Similarities between RTS and BGS have already been pointed out by one of us.12
RAPADILINO syndrome also fits into the BGS clinical spectrum since radial hypoplasia is one of the hallmarks of RAPADILINO syndrome, and one non‐Finnish case was rediagnosed as RTS after the patient developed a poikiloderma‐like rash at the age of 21 months. An intermediate phenotype with craniosynostosis, poikiloderma, and anteriorly placed anus has also been reported recently.36
The fact that the clinical course of patient 4 from family 1 and the index patient from family 2 had poikiloderma prompted us to investigate a possible continuum between these apparently distinct entities by searching for mutations in the RECQL4
gene. In both families, mutations in RECQL4
were found to be the cause of the BGS phenotype.

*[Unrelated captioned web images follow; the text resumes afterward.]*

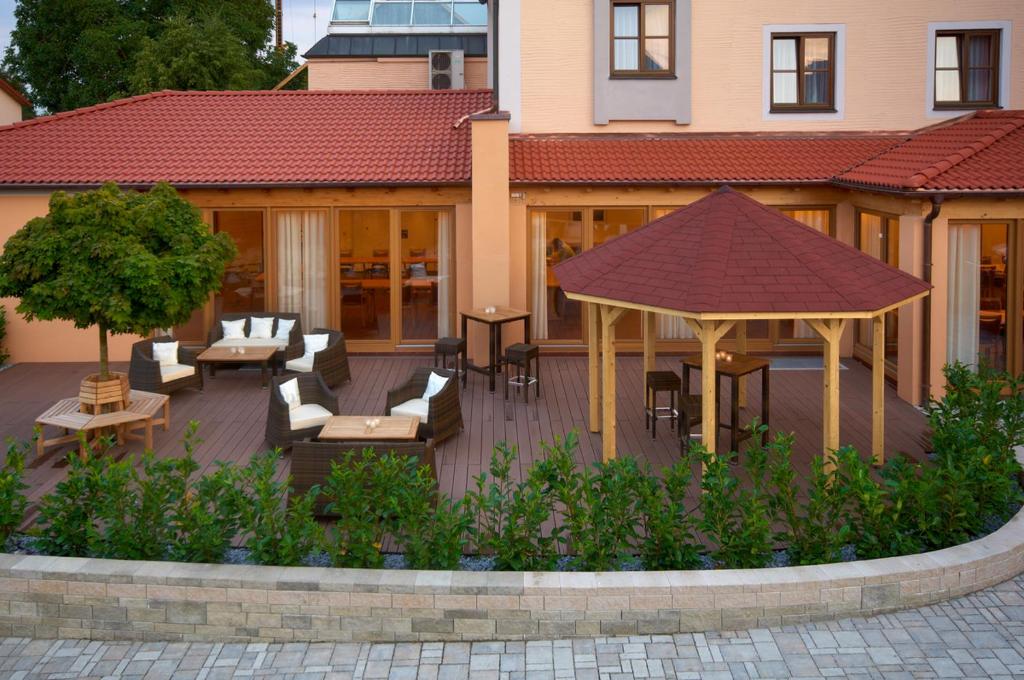 Budova, kde se hotel nachází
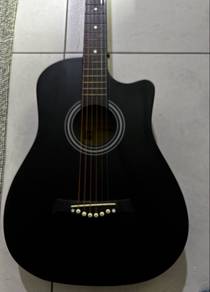 Oave Acoustic Guitar - Black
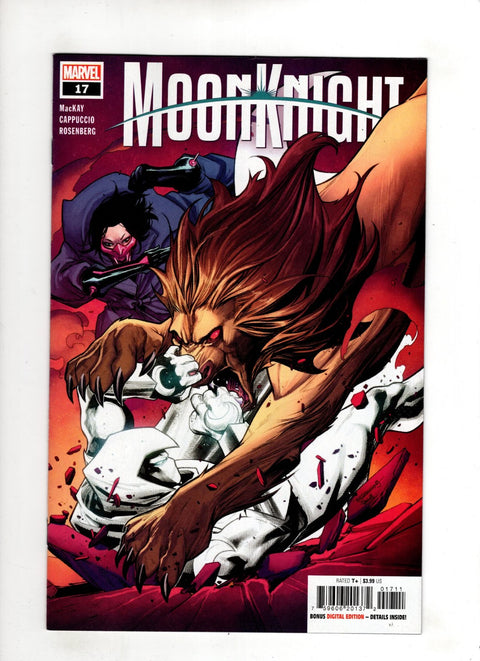 Moon Knight, Vol. 9 #17 (Cvr A) (2022) Stephen Segovia A Stephen Segovia Buy & Sell Comics Online Comic Shop Toronto Canada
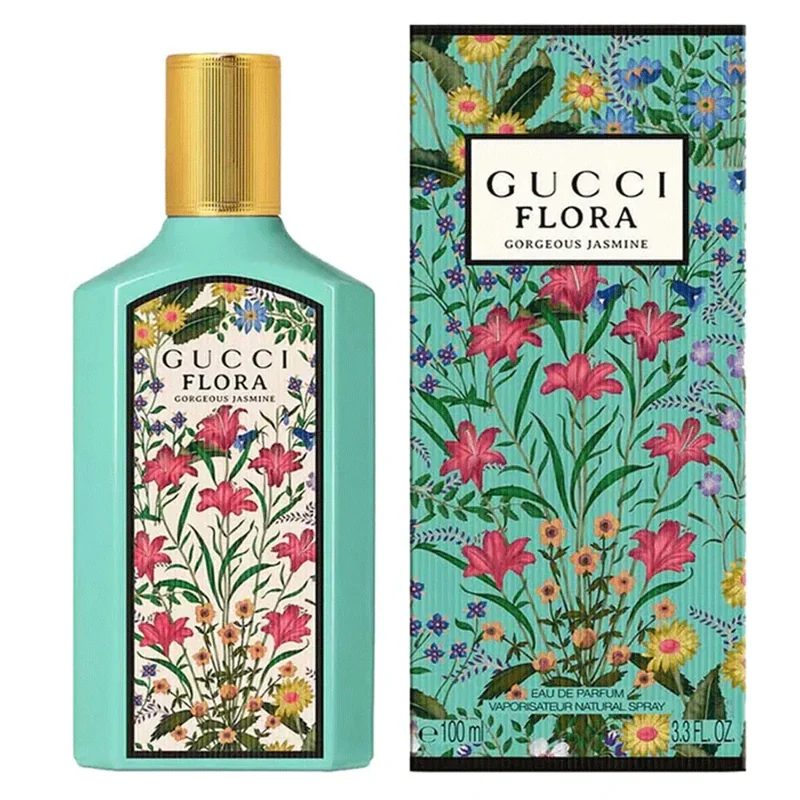 21 gucci flora gorgeous jasmine eau de parfum 100 ml 21 gucci flora gorgeous jasmine eau de parfum 100 ml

In conclusion, we have demonstrated in two unrelated families that RECQL4 mutations cause BGS. These results bring the number of clinical syndromes attributable to RECQL4 mutations to three: RTS, RAPADILINO, and BGS. The genotype‐phenotype correlations in these syndromes need to be studied further. It will be interesting to see whether certain mutations always lead to distinct phenotypes or if the correlation is more complex. Since a BGS phenotype has already been associated with Fanconi anaemia and Roberts SC phocomelia, and with TWIST and FGFR2 mutations, careful clinical delineation will assist in defining this nosological entity. Radial defects are a variable feature associated with otherwise classical craniosynostosis gene mutations. This feature also belongs to cytogenetically defined disorders, such as Fanconi anaemia or Roberts SC phocomelia, and to some cases of VATER Association. In these two subsets, cutaneous manifestations are found only in Fanconi anaemia patients in the form of pigmentary changes. We here provide evidence that a third subgroup of BGS patients have a RECQL4 related phenotype with eventual developmental skin lesions which are not present at birth. In this context, the consistent presence of sutural anomalies in 4/4 affected patients from family 1 may be a mutation specific manifestation perhaps related to the specific domain of the protein altered by the missense mutation. Study of intrafamilal variability and genotype‐phenotype correlations within the RECQL4 spectrum, based on a larger set of patients, will be necessary to determine whether the apparently distinctive phenotypes breed true and are linked to distinct mutations. Also, multiple malformation syndromes that include craniosynostosis and/or radial ray aplasia and/or poikiloderma should be investigated for RECQL4 mutations.